Task: Beneath this line are the data; copy exactly the part of them that opens with the line containing "Cubs pitcher Julian" and closes with the line containing "14x10mm Natural Red", and only that part.

Saved entries
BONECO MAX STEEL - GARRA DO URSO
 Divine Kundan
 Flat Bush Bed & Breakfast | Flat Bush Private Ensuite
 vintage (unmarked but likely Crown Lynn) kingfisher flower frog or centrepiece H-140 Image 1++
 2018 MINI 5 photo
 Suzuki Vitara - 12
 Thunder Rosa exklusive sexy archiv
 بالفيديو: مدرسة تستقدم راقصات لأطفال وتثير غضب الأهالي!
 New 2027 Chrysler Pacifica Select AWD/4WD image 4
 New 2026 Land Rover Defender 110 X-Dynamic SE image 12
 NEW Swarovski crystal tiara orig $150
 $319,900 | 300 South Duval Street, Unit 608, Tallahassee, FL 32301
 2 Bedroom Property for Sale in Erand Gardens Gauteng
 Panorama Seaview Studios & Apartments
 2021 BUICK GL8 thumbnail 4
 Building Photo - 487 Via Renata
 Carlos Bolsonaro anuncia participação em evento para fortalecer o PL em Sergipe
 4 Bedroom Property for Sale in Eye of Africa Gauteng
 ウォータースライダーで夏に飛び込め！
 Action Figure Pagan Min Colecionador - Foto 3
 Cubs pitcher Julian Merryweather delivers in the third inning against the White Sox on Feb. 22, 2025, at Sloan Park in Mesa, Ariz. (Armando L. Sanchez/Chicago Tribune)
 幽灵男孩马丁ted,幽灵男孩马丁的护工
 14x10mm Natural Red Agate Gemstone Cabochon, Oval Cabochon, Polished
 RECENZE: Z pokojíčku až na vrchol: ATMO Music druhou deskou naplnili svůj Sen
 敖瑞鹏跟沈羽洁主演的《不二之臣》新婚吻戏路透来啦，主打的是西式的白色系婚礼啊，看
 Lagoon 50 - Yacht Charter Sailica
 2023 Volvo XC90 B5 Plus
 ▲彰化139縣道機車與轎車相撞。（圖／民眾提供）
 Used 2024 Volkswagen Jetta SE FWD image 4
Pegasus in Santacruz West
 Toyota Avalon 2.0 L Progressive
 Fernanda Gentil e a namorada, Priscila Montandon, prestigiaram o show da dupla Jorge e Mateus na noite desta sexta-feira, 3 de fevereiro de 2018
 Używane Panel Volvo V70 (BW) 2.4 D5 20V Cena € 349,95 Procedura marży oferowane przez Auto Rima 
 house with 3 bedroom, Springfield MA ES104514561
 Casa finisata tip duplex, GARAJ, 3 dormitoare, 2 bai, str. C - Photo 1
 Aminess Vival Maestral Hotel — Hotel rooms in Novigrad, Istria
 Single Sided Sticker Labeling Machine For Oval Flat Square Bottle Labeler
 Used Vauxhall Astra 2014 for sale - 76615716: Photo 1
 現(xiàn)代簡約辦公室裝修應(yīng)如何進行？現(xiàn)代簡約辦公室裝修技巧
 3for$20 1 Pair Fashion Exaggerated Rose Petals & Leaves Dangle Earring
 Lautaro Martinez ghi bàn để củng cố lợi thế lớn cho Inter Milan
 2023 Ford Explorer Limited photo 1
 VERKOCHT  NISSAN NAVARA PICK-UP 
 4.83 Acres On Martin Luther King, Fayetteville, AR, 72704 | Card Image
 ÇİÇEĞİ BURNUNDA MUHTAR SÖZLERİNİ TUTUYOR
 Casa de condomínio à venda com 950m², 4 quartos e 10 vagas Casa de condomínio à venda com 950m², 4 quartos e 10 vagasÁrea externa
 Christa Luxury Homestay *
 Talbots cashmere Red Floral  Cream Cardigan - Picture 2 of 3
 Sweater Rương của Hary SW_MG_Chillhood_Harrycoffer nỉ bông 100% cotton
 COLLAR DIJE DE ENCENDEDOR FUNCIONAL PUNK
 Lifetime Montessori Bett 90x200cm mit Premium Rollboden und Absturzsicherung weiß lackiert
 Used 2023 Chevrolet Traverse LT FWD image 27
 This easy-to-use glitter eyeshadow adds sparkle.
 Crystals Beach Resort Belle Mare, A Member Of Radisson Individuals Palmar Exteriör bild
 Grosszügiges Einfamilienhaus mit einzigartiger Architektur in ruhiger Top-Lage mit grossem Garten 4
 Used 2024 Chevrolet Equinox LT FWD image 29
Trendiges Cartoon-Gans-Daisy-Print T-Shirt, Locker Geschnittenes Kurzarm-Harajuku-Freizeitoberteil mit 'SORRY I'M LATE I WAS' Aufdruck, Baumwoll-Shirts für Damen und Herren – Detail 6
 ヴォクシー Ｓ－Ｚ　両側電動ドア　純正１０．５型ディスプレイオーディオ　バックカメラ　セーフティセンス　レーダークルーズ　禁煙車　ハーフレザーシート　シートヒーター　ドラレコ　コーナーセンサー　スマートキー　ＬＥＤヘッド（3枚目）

Solution to the exercise:
 Cubs pitcher Julian Merryweather delivers in the third inning against the White Sox on Feb. 22, 2025, at Sloan Park in Mesa, Ariz. (Armando L. Sanchez/Chicago Tribune)
 幽灵男孩马丁ted,幽灵男孩马丁的护工
 14x10mm Natural Red Agate Gemstone Cabochon, Oval Cabochon, Polished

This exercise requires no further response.